Excerpted data:
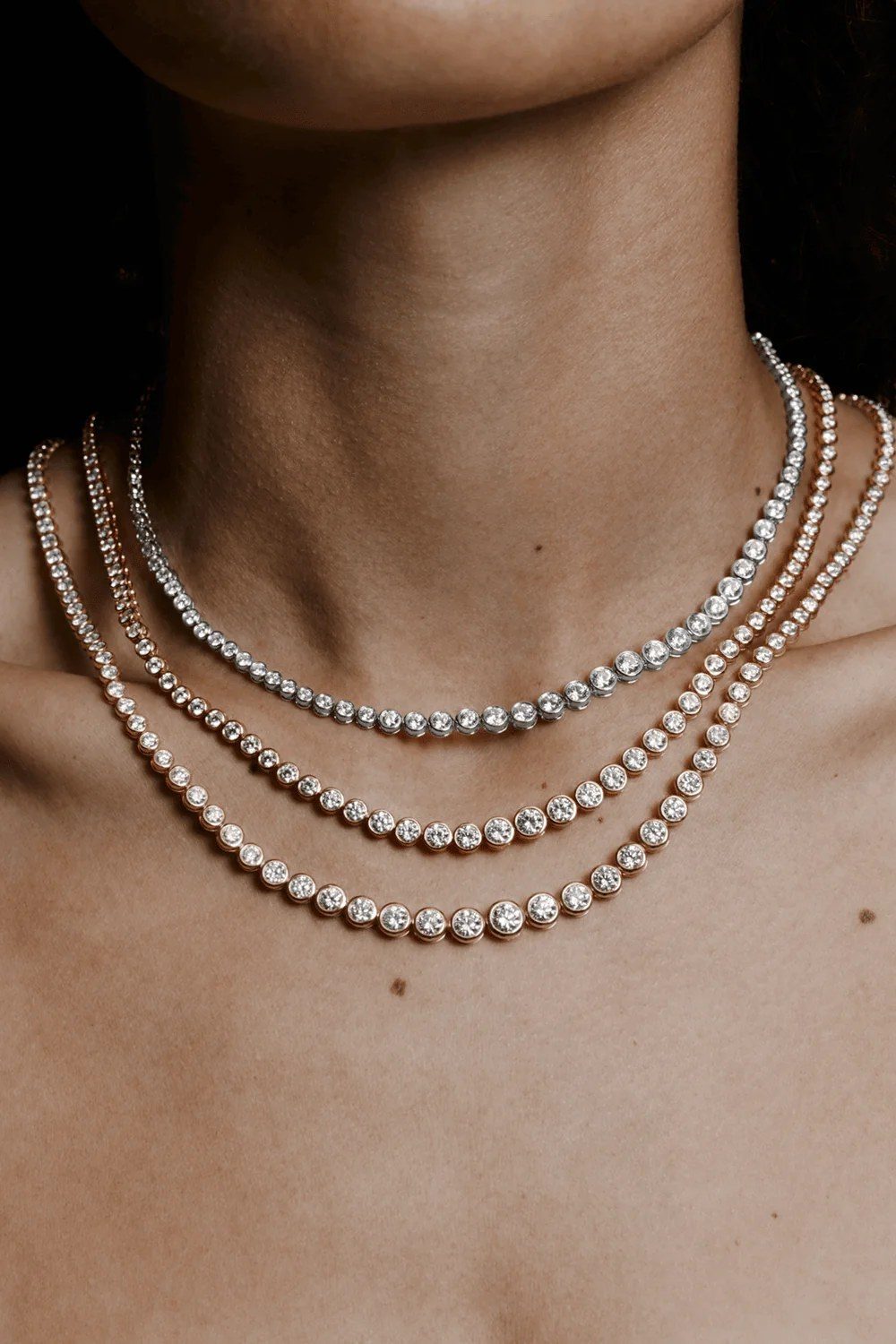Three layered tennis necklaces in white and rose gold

---

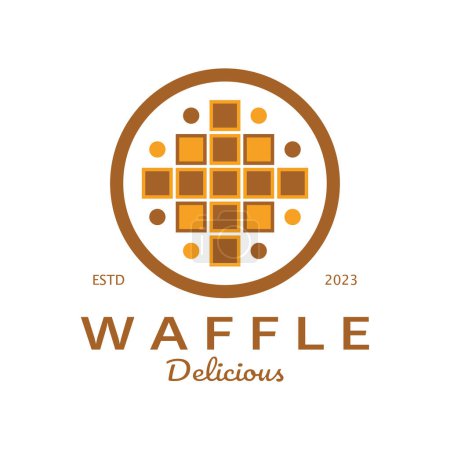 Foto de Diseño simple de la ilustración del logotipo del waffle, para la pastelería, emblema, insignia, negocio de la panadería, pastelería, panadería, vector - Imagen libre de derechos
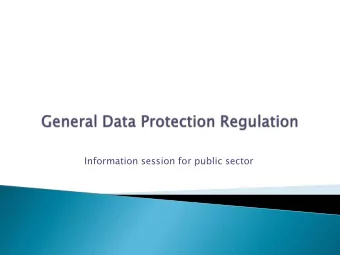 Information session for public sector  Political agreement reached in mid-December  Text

* * *

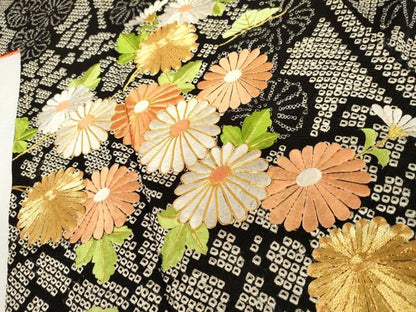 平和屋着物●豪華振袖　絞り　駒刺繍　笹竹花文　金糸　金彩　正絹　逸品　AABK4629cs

Exercise: Output only the lines above from the line that holds "Foto de Diseño" through the line that holds "Information session for", both ends included, and exclude pictures.

Solved problem:
 Foto de Diseño simple de la ilustración del logotipo del waffle, para la pastelería, emblema, insignia, negocio de la panadería, pastelería, panadería, vector - Imagen libre de derechos
 Information session for public sector  Political agreement reached in mid-December  Text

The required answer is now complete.